De nouvelles informations sur cette situation continuent d'arriver. Le 7 février dernier, l'UNHCR avait appris l'arrestation de 11 demandeurs d'asile ouzbeks dans deux endroits différents de la Crimée par des agents de la sécurité ukrainienne armés et masqués.

Les Ukrainiens avaient alors confirmé que les demandeurs d'asile avaient été placés dans un centre de détention à Simferopol, suite à une demande d'extradition lancée par le bureau du Procureur de l'Ouzbékistan, alléguant de leur participation aux événements survenus à Andijan l'année précédente.

L'UNHCR avait immédiatement écrit aux autorités ukrainiennes, puis à nouveau le 14 février, pour demander la garantie officielle qu'aucun demandeur d'asile ne serait renvoyé de force, à moins qu'il n'ait été préalablement reconnu comme n'étant pas un réfugié au terme d'une procédure d'asile exhaustive et équitable, incluant le droit de faire appel. L'UNHCR avait aussi demandé l'accès aux Ouzbeks détenus.
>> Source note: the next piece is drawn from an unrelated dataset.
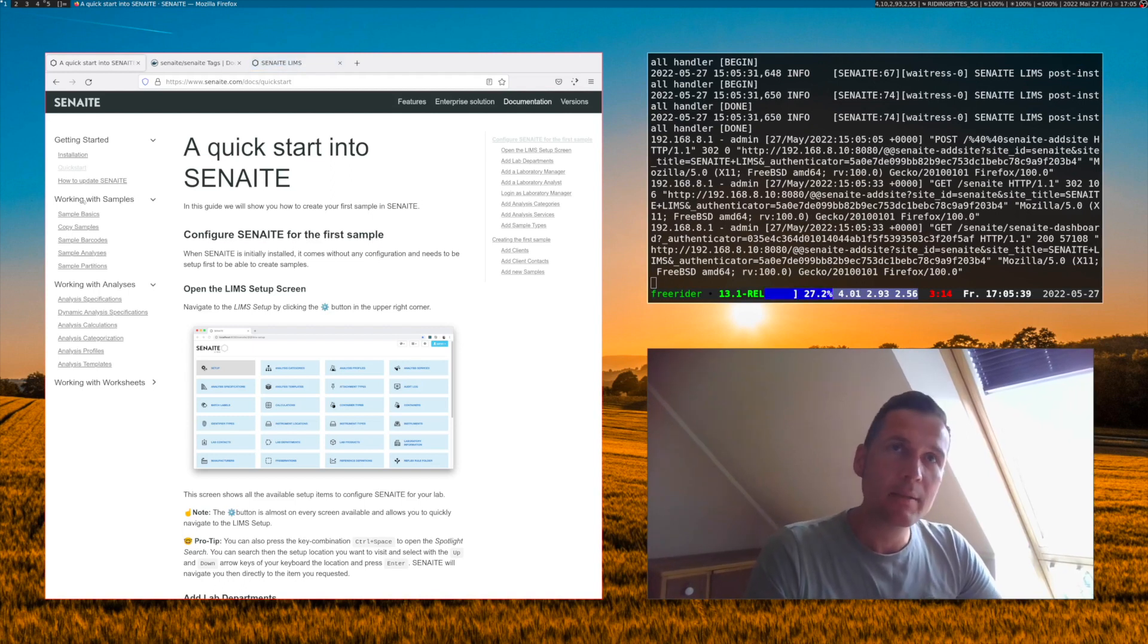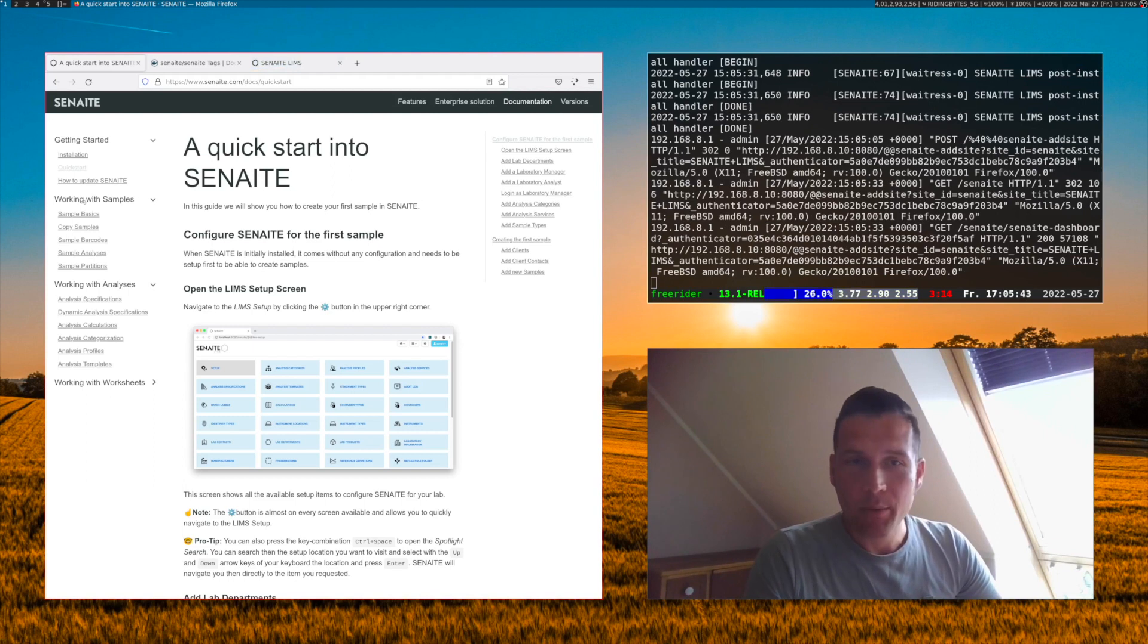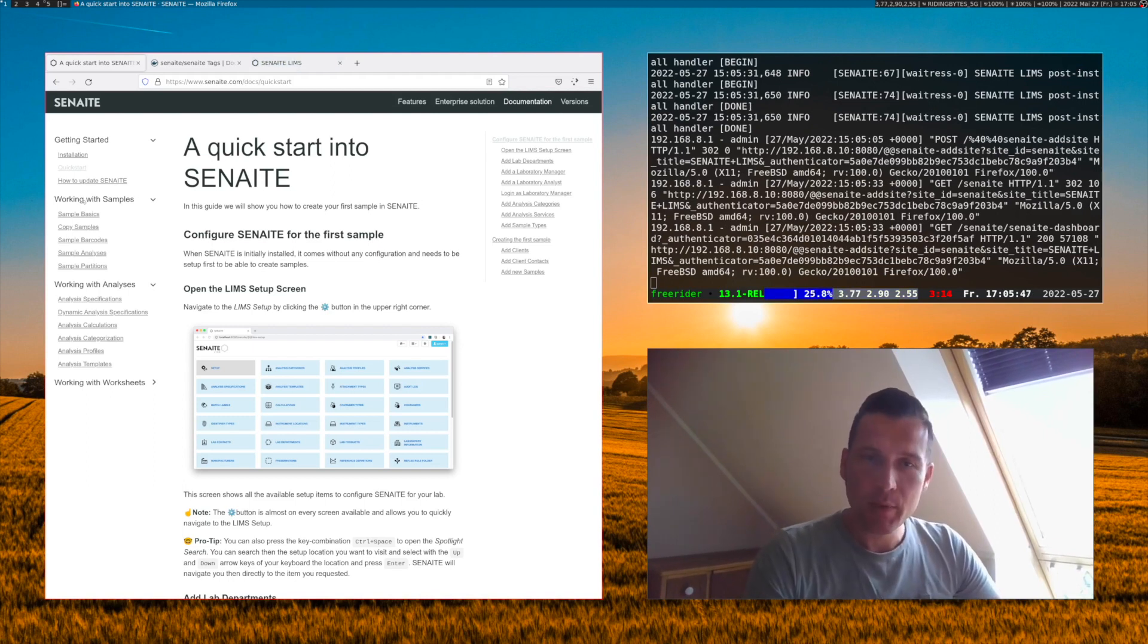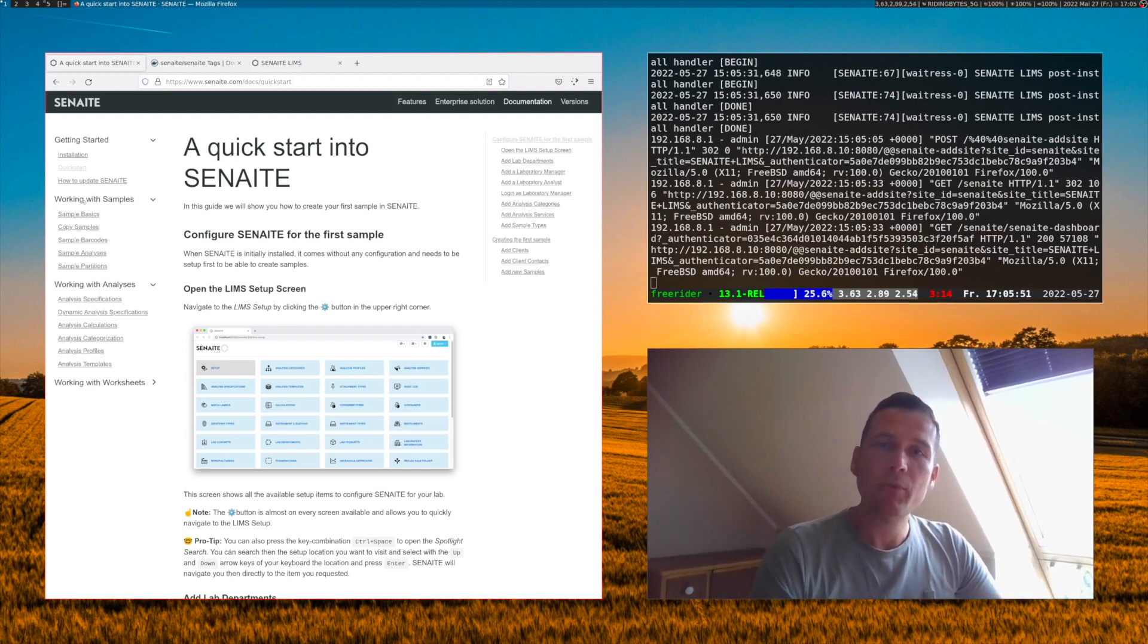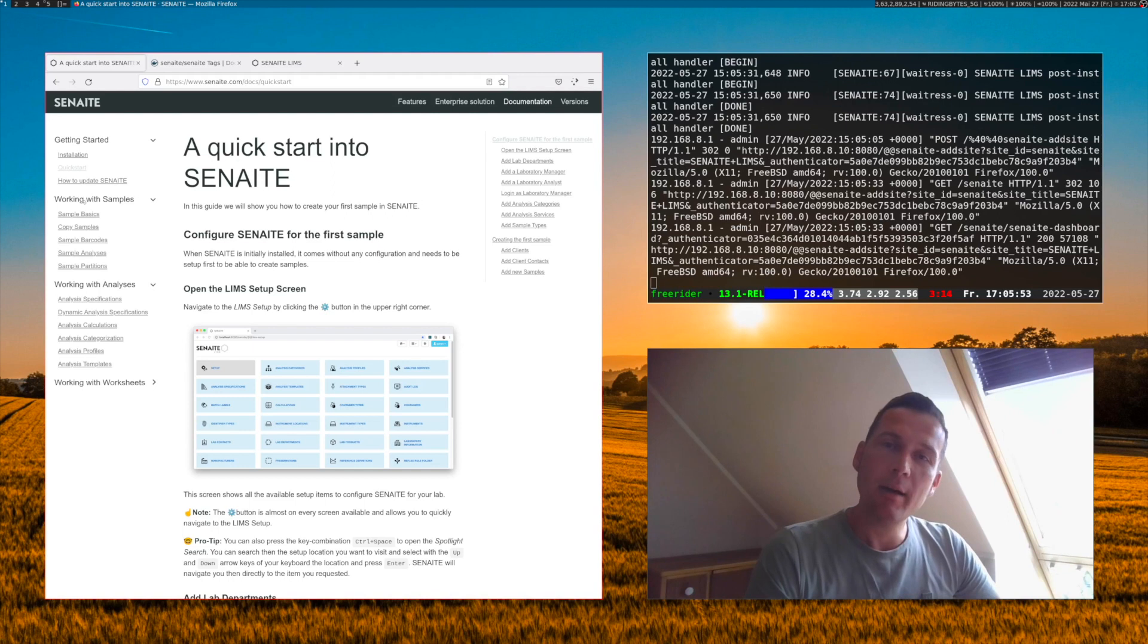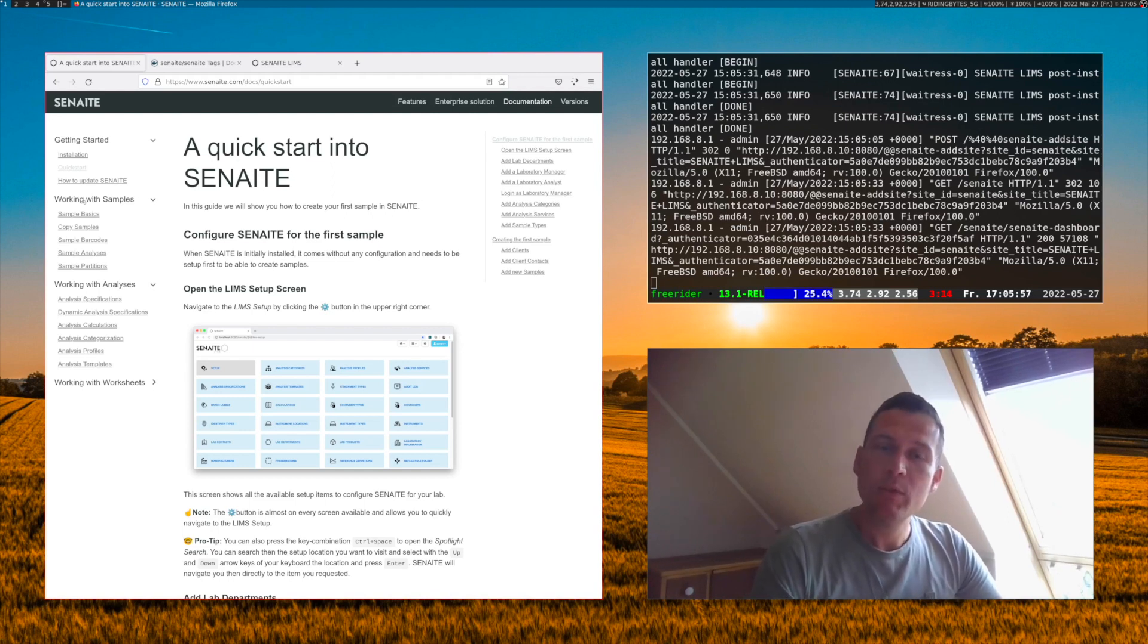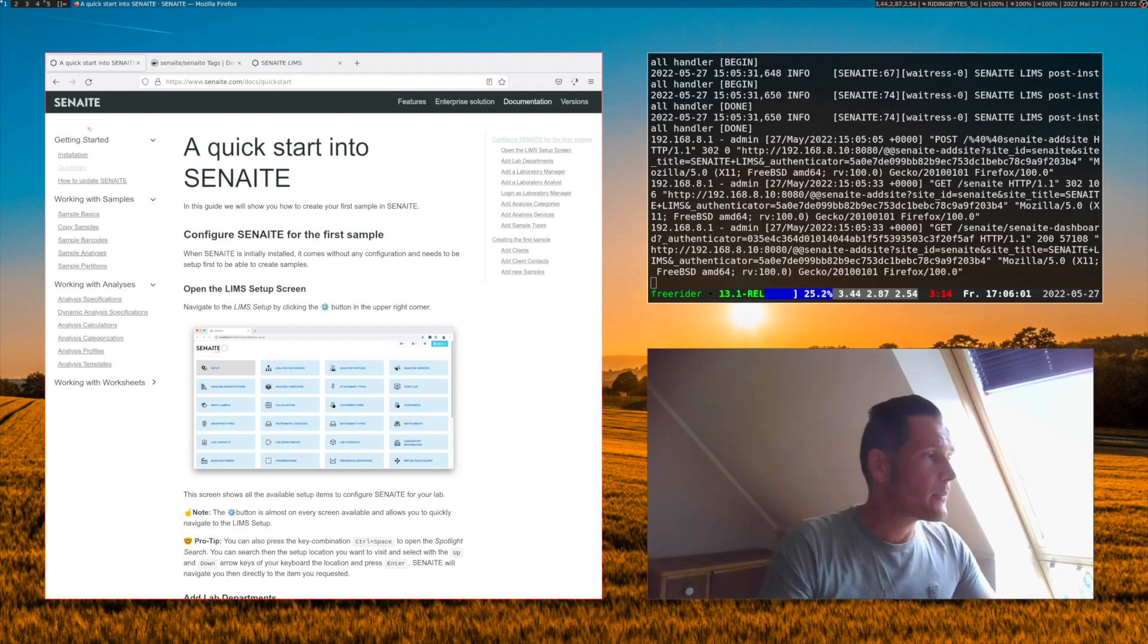how to work with worksheets, how to work with calculations and so on. This will give you a nice little overview about the functionalities that are inside Senn8 and help you decide if Senn8 is the right choice to go ahead for your laboratory.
Le fait qu'une demande d'extradition soit lancée à l'encontre d'un demandeur d'asile ou d'un réfugié ne l'exclut pas du régime de protection international des réfugiés. L'UNHCR insiste sur la nécessité d'adhérer au principe de non-refoulement, en vertu duquel aucun réfugié ne peut être renvoyé de force dans son pays d'origine. Le refoulement constitue une violation de la Convention de 1951 relative au statut des réfugiés, à laquelle l'Ukraine est signataire. Il est également contraire au droit coutumier international. Renvoyer des personnes dans des pays où ils risquent la torture constitue, par ailleurs, une violation de la Convention des Nations Unies contre la torture.

Le refoulement est également spécifiquement interdit par le droit national ukrainien.

En plus de demander à l'Ukraine des clarifications urgentes sur les circonstances liées à ces expulsions, l'UNHCR a réclamé l'assurance qu'à l'avenir les demandeurs d'asile de tout pays seront traités dans le respect des obligations juridiques nationales et internationales de l'Ukraine.

L'UNHCR s'inquiète aussi du sort de quatre réfugiés ouzbeks toujours détenus au Kirghizistan, plusieurs mois après qu'ils aient été arrêtés suite à une demande d'extradition de la part du gouvernement ouzbek. L'agence des Nations Unies pour les réfugiés demande au gouvernement kirghize de s'abstenir de toute action qui aboutirait au retour forcé de ces quatre réfugiés vers l'Ouzbékistan.

L'agence des Nations Unies pour les réfugiés suit également avec attention le cas des 13 demandeurs d'asile ouzbeks qui se trouvent actuellement en Fédération de Russie.